Exploring The History Of Anti-Tank Dogs In World WII

The Controversial Use of Anti-Tank Dogs in WWII

During World War II, the use of animals as weapons of war was not an uncommon practice. From homing pigeons to horses, many different types of animals were utilized to aid in battle. However, one of the most controversial tactics employed during the war was the use of anti-tank dogs.

Anti-tank dogs, also known as “Hundminen” or “dog mines,” were trained to carry explosives on their bodies and run towards enemy tanks, where they would then be detonated. The idea was that these dogs, usually Alsatians, would be able to sneak past enemy defenses and destroy tanks from beneath, creating a new and unexpected threat for the enemy to deal with.

The Origins of Anti-Tank Dog Training in the Soviet Union

This type of animal weaponry was first used by the Soviet Union. Following a decision in 1924 to allow dogs to aid the military, a dog training school was set up in Moscow. The military recruited such people as police dog trainers, hunters, circus trainers, and animal scientists. Twelve more schools were set up hot on the heels of the first one and the Soviet dog-training division started out in earnest.

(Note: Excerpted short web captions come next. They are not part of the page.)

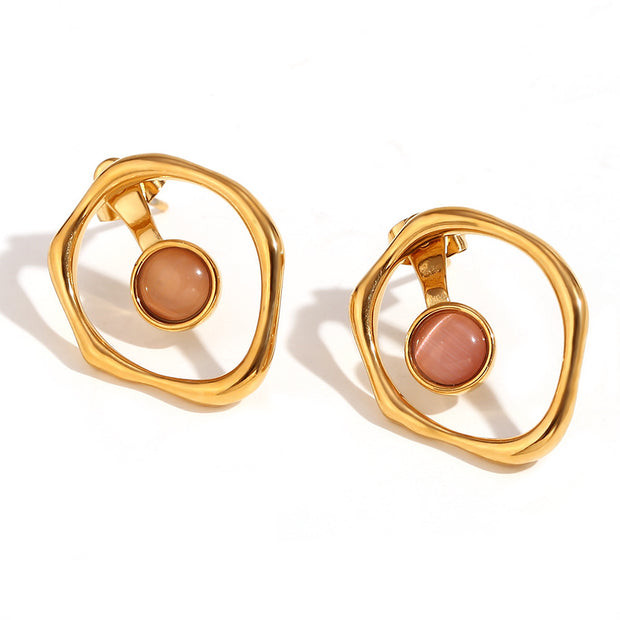 European And American Niche High Profile Retro High-grade Earrings Stainless Steel Plated 18K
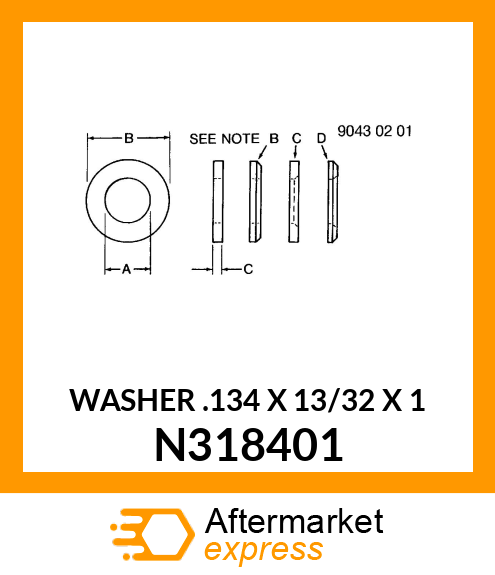 WASHER .134 X 13/32 X 1 N318401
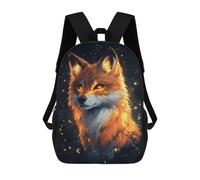 sinyumoney 17 Inch Children's Backpacks Fiery Wolf Portrait School Bag 3D Printed Children's School Backpack Fashion Travel Backpacks for Kids School Students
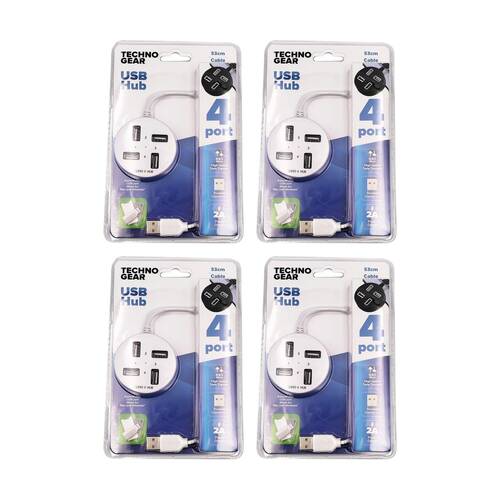 4PK TGear 1-to-4 USB-A 4 Port Charging Hub Computer Accessory 53cm 2A Assorted
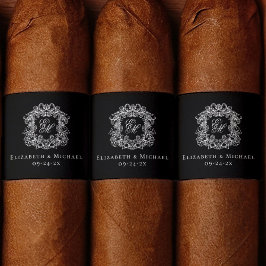 Elegant Black Monogram Wedding Crest Cigar Band ラベル
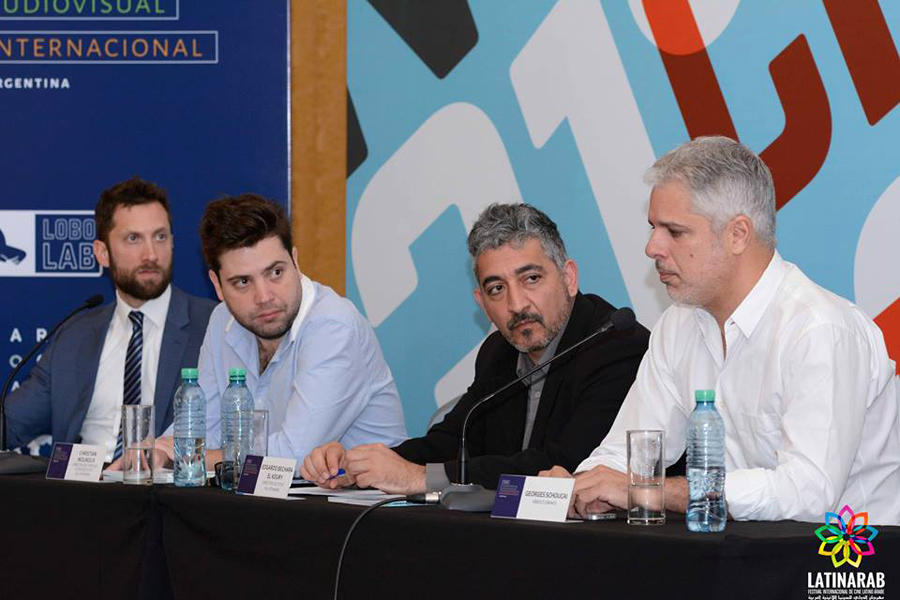 Titulares de LatinArab junto al Consul del Libano, George Jallad, y el director George Schoucair.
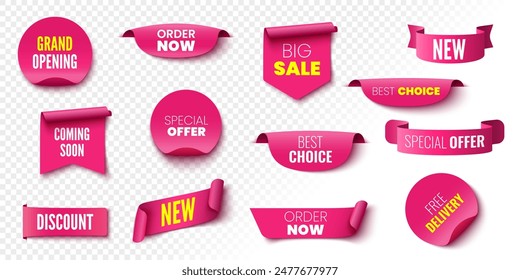 Best choice, order now, special offer, free delivery sale banners. Pink ribbons, tags and stickers. Vector illustration.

At first, dogs were trained to carry supplies, tracking mines, and rescuing people – tasks at which the dogs excelled. In the early 1930s, the Soviets decided it would be a good idea to turn man’s best friend into an anti-tank weapon. Three of the schools began training dogs for this purpose. Initially, they were trained to carry a bomb to a tank and run off; afterwards, their handler could detonate the bomb with a remote or the bomb may have simply been set with a timer.

The Ineffectiveness and Controversy of Anti-Tank Dogs in Combat.

However, this tactic proved to be ineffective, as the dogs would often become confused and run back to their handlers, or the tanks would simply move before the dogs could reach them. To address this issue, the Soviets began attaching the explosives directly to the dogs’ bodies, and training them to run directly under tanks and detonate the explosives.

Despite initial success in trials, this tactic proved to be highly controversial and ultimately ineffective in actual combat. The dogs had a high failure rate, with many of them not reaching their target or becoming disoriented and returning to their handlers. Additionally, the use of dogs in this way was seen as inhumane and sparked international condemnation.

The Spread of Anti-Tank Dog Tactics to Other Countries.

The use of anti-tank dogs was not limited to the Soviet Union alone, other countries like Germany and Italy also experimented with similar tactics, but with similar results. The use of animals in warfare, in general, was widely considered to be unethical, and today, the use of animals in combat is banned by most countries and international conventions.

The Unethical and Inhumane Nature of Using Animals in Warfare.

It is important to remember that these dogs were not voluntaries in this war, they were trained and forced to participate in these actions, and it is heart-wrenching to think about the fate of these innocent animals. The use of anti-tank dogs serves as a reminder of the many ways in which war can be brutal and inhumane, not only to humans but to animals as well.